They tried it all. They reached into a deep tool kit to help kids from battered neighborhoods.
They hired bright, young teachers. They stretched the school day to 5 o'clock. They made sure every kid got art, music and foreign language. They cut summer vacation to a month, so kids remembered what they learned. They had a dress code, to buck up discipline. They limited classes to 20 kids. Look in the Book of Innovations, and Pinnacle is the poster school.
And still -- in the eyes of state Education Department bureaucrats -- it "failed."
State Ed voted this week to pull Pinnacle's charter. After nine years, the Buffalo K-through-8 school will close. The lives of 560 kids, their parents and their teachers will be scrambled. All because of -- you guessed it -- low test scores.
That should sound familiar. State Ed is force-feeding reform -- and dangling a $5.6 million carrot -- to a half-dozen of Buffalo's "failing" traditional public schools because of, yes, low test scores. Pinnacle -- where 9 in 10 kids are lower-income -- has something in common with the district schools under State Ed's microscope: All of them are overstuffed with disadvantaged kids.
I think I see a pattern.
Which gets me to the point: The reforms and creativity that State Ed bureaucrats want from Buffalo's "failing" schools have been practiced for years at Pinnacle. And it still "failed." And that, I think, presents what educators call a teachable moment. Not about the schools, but about State Ed's unreasonable expectations.
When even schools that throw every innovation against the wall "fail," the conclusion is inescapable: The problem with these schools -- whether district or charter -- is not "bad" teachers, "bad" programs or "bad" principals. It is classrooms filled with disadvantaged kids.
That's not me talking. Studies show that key factors in how kids do in school are the income and education level of their parents. As education reformer Alfie Kohn put it, "Non-instructional factors explain most of the [difference] among test scores when schools or districts are compared."

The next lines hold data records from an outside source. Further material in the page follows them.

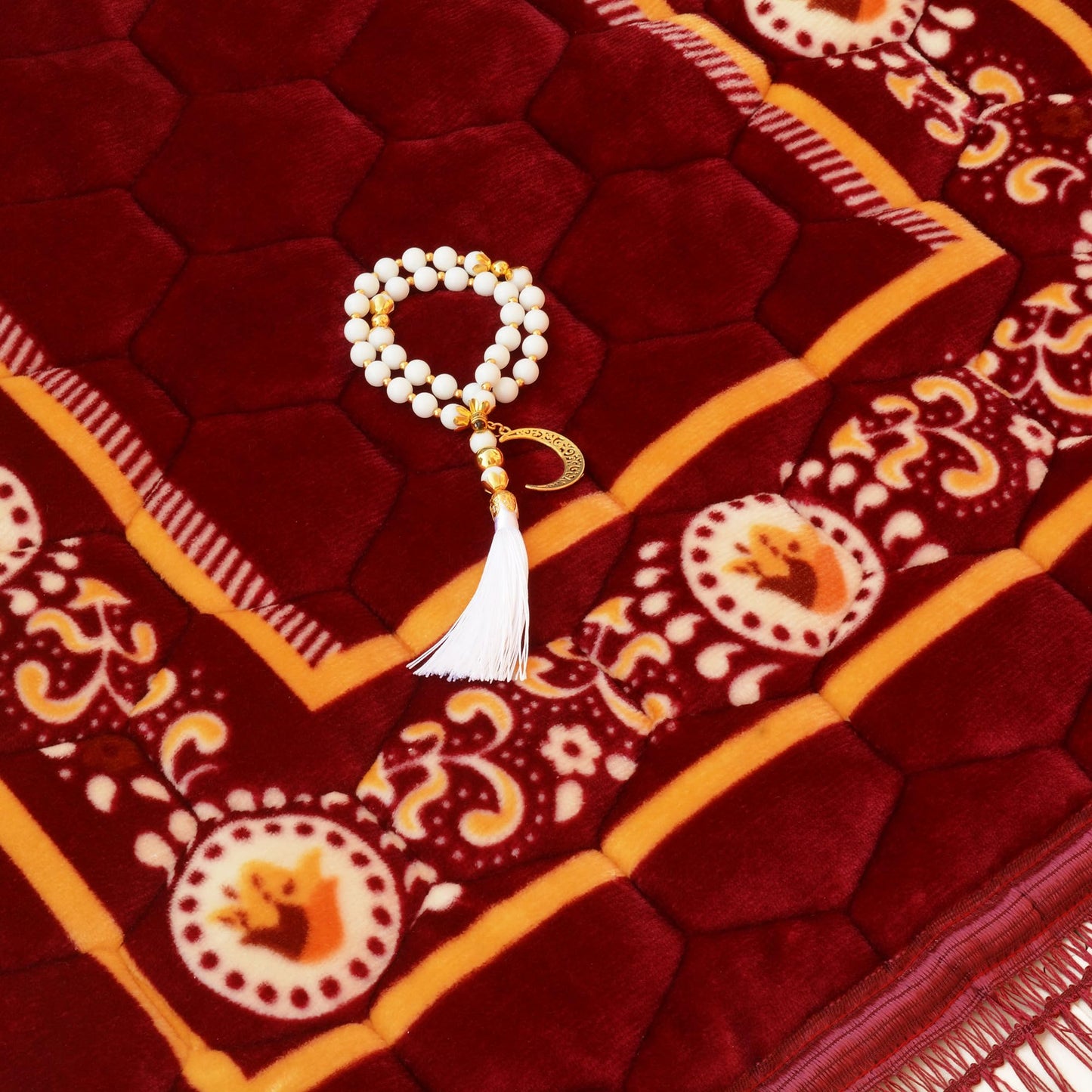 YAZEIN Prayer Rug Muslim Mat Islamic - Padded Very Thick Prayer Rug Sajadah for Men Women with Islam Prayer Beads, Soft and Luxury (31.5" x 47.2") (Red)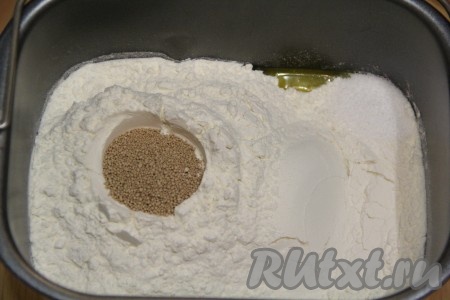 Всыпать просеянную муку, соль и сухие дрожжи. Выставить режим "Замес теста". У меня этот режим занимает 1 час 30 минут.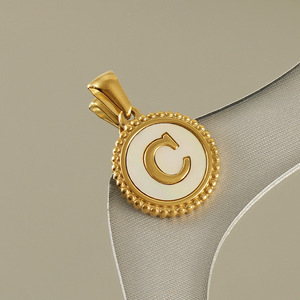 Colgante de Letra con Madreperla |   Colgante Redondo con Inicial del Alfabeto en Acero Inoxidable Chapado en Oro PVD de 18K |   Impermeable e Hipoalergénico - Product Image 3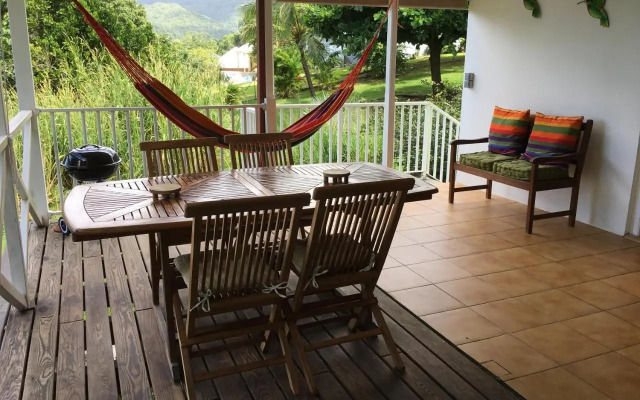Grand Bungalow Avec Piscine Et Vue Mer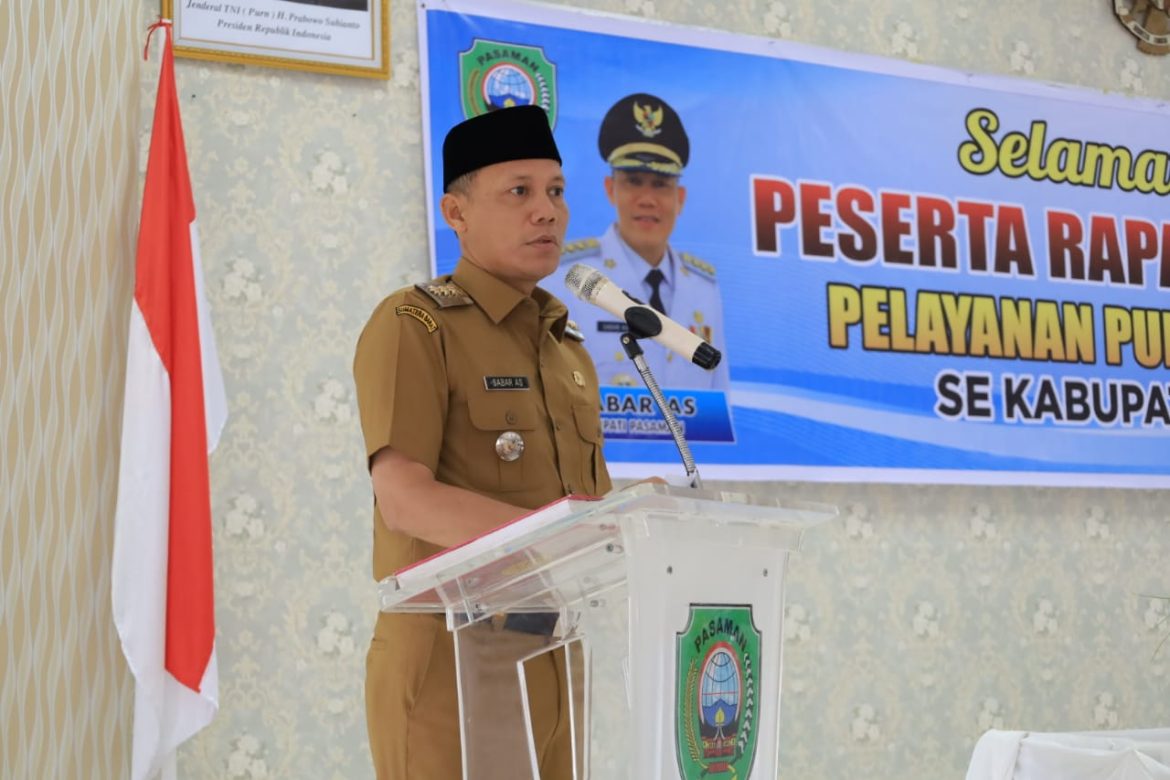Didampingi Ombusdman, Bupati Sabar AS serahkan penghargaan pelayanan publik terbaik,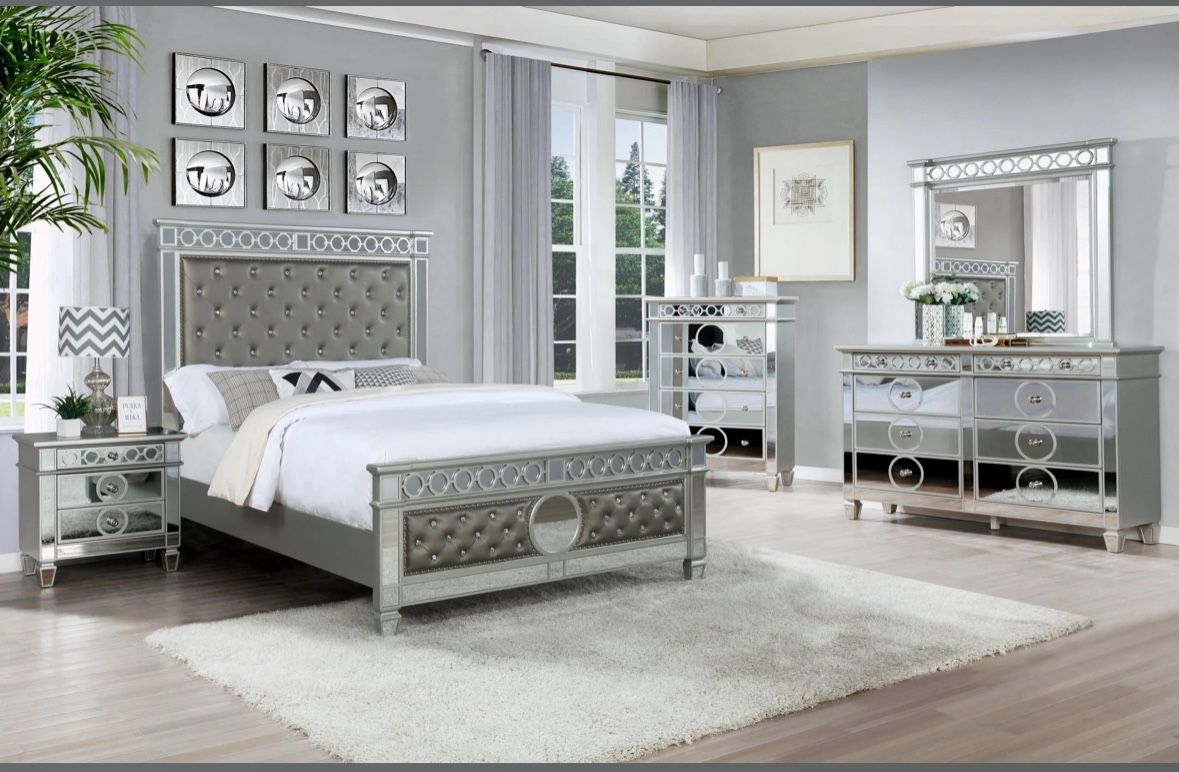 SILVER BEDROOM 4pc SET WITH GREY/BLACK PU BED β DRESSER, MIRROR, NIGHTSTAND & BEDFRAME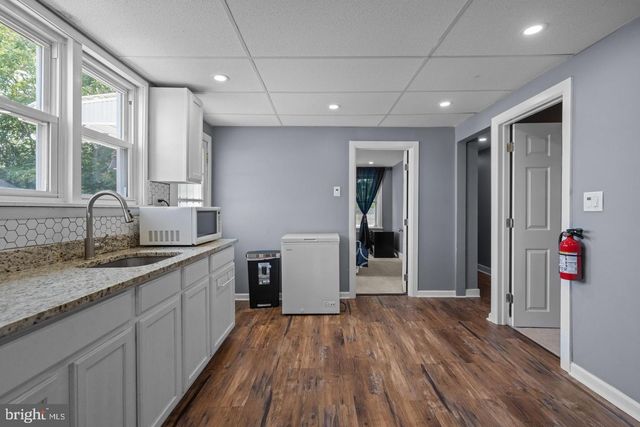 73 W CHESTNUT AVE, Vineland, NJ 08360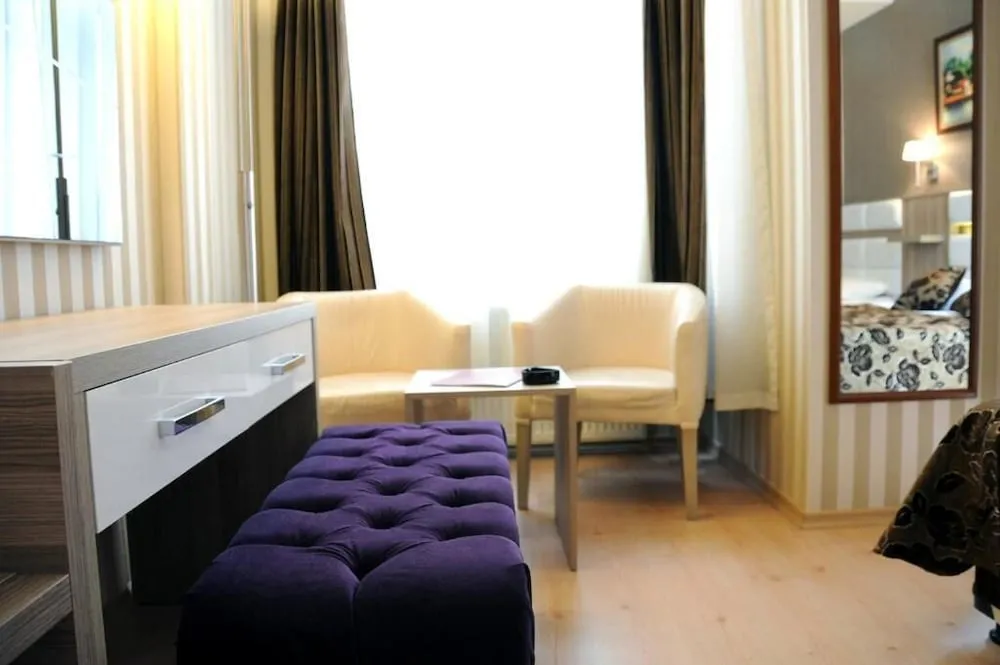 Deluxe Tek Büyük Yataklı Oda, Şehir Manzaralı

In other words, student performance depends largely on what happens outside the classroom, as well as in it. It's a lesson that State Ed bureaucrats have yet to learn. Stuff an overwhelming number of poor kids -- 4 in 5 Buffalo schoolkids qualify for free lunches -- in the same school, and it is not hard to guess what the test scores will be. Kohn said that force-feeding the test-based standards pushed by State Ed "has approximately the same effect on learning that a noose does on breathing."
I have long carried the flag for charter schools and the bigger tool kit they -- unshackled by union rules -- bring for disadvantaged kids. These kids need all the help they can get, and charters are Gumby-flexible.
When even innovative charters "fail," it underlines the absurdity of measuring inner-city schools by the same test-score yardstick as schools filled with the offspring of college grads. Pinnacle is hardly alone; M&T Bank-backed Westminster and Enterprise are creative charters on State Ed's watch list.
If State Ed wanted to embrace fairness, it would acknowledge the flashing-neon reality and ease up on test scores, or grade schools filled with disadvantaged kids on a curve. Either that or start busing these kids to upscale suburban schools. That would spread throughout the region the challenge of educating needy kids.
We all know how far that idea would get.
Pinnacle was sacrificed on the altar of unreasonable expectations. State Ed bureaucrats can claim a victory for "accountability." But there are 560 kids, their teachers and their parents who just lost.